Jiri Kosina wrote:
> On Fri, 18 May 2007, Lee Revell wrote:
>
>>> Despite it's a Microsoft product, it's actually very nice and useful. A
>>> little pad with a few buttons and connectors for a headset. It's an USB
>>> device, but it doesn't represent itself as an input/HID device:
>>> HID device not claimed by input or hiddev
>> Is the audio part of the device USB audio class compliant?
>
> Seems like the device is a bit strange - it in fact, as far as my
> understanding goes (see the previous posts in this thread), doesn't have
> any noticeable USB audio capabilities at all - it is just a HID device
> with a few buttons (plus additional audio connector, which only "forwards"
> the sound to a real audio device).
Exactly, it isn't a 'sound' device at all. It has a USB plug and plain
old headset/microphone cables which have to be put into the soundcard.

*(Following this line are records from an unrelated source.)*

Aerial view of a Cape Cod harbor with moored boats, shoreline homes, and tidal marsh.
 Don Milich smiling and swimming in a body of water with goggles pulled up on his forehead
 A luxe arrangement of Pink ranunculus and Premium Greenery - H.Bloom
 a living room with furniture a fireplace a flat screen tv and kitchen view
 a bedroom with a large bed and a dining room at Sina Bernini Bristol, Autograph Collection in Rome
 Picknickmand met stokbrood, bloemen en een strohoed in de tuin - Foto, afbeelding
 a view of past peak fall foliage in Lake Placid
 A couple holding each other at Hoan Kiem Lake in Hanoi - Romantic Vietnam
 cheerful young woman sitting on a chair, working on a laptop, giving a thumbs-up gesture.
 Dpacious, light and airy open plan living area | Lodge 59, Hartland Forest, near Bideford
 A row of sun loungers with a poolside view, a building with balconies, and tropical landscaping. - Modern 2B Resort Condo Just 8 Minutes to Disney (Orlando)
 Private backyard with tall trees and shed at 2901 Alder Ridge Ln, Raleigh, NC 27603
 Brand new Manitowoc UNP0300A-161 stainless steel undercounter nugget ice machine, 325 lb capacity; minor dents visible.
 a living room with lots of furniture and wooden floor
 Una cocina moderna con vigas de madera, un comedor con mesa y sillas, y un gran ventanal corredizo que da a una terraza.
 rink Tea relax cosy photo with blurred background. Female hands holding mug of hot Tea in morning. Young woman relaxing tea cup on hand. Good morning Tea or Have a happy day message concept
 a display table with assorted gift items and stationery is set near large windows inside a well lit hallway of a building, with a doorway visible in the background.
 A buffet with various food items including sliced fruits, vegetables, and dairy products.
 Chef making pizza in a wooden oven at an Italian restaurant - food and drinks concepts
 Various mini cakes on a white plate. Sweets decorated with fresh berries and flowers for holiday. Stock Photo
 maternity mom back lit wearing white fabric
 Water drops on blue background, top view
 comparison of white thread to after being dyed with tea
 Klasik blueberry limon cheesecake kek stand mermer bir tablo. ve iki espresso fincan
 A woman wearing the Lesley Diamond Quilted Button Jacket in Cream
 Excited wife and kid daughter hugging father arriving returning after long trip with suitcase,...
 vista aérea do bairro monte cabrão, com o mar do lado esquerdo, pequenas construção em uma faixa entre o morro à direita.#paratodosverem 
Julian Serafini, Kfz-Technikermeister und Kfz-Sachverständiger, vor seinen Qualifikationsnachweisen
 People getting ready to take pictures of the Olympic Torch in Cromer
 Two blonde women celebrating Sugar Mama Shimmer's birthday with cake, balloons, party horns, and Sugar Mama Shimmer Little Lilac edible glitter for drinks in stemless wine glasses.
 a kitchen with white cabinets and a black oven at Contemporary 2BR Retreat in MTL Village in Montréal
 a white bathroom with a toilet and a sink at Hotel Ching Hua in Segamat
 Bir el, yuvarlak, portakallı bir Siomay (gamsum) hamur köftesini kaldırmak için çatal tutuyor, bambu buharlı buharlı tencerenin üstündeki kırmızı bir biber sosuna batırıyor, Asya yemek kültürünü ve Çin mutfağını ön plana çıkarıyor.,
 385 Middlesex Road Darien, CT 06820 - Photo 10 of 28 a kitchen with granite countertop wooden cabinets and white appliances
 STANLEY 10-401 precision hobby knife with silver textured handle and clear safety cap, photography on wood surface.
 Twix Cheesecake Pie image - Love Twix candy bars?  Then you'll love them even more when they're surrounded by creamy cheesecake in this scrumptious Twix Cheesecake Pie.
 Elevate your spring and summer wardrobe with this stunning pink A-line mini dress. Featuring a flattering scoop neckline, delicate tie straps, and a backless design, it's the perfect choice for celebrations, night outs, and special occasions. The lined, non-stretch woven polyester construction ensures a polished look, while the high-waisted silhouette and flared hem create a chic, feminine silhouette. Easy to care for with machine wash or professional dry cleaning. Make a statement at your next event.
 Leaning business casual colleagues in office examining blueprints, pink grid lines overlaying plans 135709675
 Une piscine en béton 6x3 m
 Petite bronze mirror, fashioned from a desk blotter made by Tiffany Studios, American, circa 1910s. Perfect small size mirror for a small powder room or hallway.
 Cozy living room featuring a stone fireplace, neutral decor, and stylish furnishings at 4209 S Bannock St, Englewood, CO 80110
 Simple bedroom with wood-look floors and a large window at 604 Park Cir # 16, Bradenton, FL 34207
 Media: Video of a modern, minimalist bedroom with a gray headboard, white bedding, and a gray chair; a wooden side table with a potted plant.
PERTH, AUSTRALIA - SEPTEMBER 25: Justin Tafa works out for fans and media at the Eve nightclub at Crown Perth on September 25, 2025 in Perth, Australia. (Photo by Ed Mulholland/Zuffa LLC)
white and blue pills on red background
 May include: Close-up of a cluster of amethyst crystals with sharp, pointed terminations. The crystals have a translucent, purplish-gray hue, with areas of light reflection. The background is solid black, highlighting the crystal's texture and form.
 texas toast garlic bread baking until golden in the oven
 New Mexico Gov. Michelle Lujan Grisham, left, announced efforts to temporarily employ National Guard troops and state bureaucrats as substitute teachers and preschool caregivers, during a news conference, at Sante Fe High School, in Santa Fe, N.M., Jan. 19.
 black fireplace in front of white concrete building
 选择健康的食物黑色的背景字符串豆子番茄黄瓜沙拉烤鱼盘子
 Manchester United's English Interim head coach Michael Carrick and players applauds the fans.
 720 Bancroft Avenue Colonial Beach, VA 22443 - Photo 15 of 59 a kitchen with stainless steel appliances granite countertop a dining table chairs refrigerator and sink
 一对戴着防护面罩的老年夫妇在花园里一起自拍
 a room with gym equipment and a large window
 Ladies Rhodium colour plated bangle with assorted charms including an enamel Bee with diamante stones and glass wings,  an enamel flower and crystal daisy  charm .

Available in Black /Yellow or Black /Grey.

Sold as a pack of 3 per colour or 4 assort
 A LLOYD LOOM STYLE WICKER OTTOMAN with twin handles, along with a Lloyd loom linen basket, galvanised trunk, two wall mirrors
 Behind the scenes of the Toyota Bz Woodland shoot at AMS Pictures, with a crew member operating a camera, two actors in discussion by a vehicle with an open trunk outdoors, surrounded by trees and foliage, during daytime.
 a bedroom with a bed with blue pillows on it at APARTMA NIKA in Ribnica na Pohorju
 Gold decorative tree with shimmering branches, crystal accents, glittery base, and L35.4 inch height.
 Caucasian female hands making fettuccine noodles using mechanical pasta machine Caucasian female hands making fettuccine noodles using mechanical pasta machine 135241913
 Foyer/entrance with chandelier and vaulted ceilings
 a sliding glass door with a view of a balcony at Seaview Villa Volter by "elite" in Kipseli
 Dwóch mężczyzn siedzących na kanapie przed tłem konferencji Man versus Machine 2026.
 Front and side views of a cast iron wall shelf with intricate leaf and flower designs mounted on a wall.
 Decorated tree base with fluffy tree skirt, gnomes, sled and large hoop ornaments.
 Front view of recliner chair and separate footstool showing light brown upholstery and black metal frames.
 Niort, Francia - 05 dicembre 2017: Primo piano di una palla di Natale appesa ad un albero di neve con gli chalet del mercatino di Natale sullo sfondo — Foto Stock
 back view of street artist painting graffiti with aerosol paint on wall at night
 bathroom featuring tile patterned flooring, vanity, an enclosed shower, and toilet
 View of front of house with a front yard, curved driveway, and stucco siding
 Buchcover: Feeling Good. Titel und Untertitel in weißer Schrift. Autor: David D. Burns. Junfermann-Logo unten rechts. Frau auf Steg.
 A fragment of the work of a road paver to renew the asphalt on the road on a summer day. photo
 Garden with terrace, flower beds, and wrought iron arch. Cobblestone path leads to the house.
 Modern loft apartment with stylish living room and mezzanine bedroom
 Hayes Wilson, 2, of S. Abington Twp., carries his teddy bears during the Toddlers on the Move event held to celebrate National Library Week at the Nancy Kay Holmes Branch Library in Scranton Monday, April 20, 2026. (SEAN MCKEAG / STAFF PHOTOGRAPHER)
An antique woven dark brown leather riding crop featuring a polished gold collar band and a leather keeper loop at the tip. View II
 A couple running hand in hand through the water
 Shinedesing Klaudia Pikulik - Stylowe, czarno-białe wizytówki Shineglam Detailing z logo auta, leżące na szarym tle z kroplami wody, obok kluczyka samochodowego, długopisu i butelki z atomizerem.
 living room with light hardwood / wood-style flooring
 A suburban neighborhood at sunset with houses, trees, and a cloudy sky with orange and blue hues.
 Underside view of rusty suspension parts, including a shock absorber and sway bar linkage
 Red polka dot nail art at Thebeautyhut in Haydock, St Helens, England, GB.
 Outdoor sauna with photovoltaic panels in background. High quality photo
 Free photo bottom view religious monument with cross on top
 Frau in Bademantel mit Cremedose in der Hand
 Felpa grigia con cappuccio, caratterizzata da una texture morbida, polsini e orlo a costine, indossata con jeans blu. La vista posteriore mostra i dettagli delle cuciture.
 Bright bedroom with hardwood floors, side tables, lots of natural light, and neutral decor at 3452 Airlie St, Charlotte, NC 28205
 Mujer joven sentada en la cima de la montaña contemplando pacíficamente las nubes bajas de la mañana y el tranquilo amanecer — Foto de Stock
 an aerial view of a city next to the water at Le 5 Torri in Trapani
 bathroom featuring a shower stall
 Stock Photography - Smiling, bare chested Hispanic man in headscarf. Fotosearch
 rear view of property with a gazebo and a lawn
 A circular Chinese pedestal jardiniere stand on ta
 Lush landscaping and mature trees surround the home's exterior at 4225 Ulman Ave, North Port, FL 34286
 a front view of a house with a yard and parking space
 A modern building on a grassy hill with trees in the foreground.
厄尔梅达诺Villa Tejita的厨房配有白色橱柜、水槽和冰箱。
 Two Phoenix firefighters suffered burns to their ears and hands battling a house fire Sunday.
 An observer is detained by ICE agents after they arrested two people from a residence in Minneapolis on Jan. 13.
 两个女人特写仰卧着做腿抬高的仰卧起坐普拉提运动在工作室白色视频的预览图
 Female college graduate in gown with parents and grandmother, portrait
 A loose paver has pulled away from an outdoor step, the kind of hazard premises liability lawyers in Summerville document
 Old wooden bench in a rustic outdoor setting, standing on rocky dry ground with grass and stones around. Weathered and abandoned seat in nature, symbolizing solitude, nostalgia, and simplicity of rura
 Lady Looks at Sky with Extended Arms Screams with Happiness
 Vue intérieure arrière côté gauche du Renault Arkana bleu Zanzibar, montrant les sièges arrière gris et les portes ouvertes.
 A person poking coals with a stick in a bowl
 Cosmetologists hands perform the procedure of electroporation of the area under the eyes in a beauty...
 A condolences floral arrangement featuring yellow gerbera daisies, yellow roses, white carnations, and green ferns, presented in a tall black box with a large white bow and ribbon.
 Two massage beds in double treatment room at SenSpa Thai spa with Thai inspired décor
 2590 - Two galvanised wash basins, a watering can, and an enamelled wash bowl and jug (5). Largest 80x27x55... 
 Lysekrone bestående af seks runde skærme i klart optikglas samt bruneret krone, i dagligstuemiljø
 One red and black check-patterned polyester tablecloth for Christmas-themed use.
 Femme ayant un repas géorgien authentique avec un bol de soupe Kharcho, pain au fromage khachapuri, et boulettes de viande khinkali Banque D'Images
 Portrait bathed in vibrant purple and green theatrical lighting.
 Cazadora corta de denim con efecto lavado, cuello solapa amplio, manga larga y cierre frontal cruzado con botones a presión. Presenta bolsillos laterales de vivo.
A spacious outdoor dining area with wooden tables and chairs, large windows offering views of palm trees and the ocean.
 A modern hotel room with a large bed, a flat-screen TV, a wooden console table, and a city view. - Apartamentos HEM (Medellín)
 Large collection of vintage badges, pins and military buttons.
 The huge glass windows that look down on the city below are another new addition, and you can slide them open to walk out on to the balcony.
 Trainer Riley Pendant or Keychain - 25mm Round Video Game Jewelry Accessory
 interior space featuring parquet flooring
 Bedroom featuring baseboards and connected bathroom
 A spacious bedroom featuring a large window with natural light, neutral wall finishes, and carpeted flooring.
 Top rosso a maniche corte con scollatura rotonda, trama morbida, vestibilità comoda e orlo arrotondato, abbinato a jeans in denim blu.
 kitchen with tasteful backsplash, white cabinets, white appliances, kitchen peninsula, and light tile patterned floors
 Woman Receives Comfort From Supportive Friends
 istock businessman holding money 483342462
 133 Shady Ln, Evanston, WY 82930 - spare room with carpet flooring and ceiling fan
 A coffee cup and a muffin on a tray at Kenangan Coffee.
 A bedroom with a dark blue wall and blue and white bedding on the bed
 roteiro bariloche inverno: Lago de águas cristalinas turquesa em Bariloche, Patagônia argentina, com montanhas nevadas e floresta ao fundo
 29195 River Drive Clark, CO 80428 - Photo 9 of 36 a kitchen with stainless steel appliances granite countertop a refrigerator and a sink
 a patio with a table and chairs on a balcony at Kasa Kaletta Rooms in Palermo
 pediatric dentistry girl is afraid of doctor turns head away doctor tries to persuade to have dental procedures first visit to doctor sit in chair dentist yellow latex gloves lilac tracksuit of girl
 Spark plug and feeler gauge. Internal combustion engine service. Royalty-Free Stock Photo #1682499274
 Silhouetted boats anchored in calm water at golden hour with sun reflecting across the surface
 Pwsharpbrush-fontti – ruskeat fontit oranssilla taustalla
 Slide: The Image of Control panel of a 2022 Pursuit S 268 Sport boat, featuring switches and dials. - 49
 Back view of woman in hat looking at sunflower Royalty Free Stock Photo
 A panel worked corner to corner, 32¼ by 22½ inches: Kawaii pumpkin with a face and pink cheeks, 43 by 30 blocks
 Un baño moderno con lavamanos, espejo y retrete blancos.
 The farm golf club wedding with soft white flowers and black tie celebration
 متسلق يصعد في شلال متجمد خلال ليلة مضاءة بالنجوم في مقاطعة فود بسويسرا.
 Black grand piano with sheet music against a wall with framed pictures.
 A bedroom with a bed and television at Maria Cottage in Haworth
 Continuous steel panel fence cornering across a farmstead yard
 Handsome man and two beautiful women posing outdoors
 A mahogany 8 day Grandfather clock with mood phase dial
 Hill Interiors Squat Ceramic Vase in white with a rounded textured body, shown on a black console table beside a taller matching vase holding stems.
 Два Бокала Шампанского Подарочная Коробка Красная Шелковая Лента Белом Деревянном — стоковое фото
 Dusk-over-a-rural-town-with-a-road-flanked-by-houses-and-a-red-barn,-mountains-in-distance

The pad itself has connectors for the headset/microphone, but those are
simply forwarded to the soundcard (there's the 'mute' button which can
be used to mute the microphone, and a volume wheel, but that's all it
can do with the sound).
>
> So it's just a trivial HID device with probably a bit strange report
> descriptor, it seems to me. It even has only one interface (the HID one).
>
Someone at Microsoft probably thought, Hey, there's this
Telephony/Headset category, why not use that?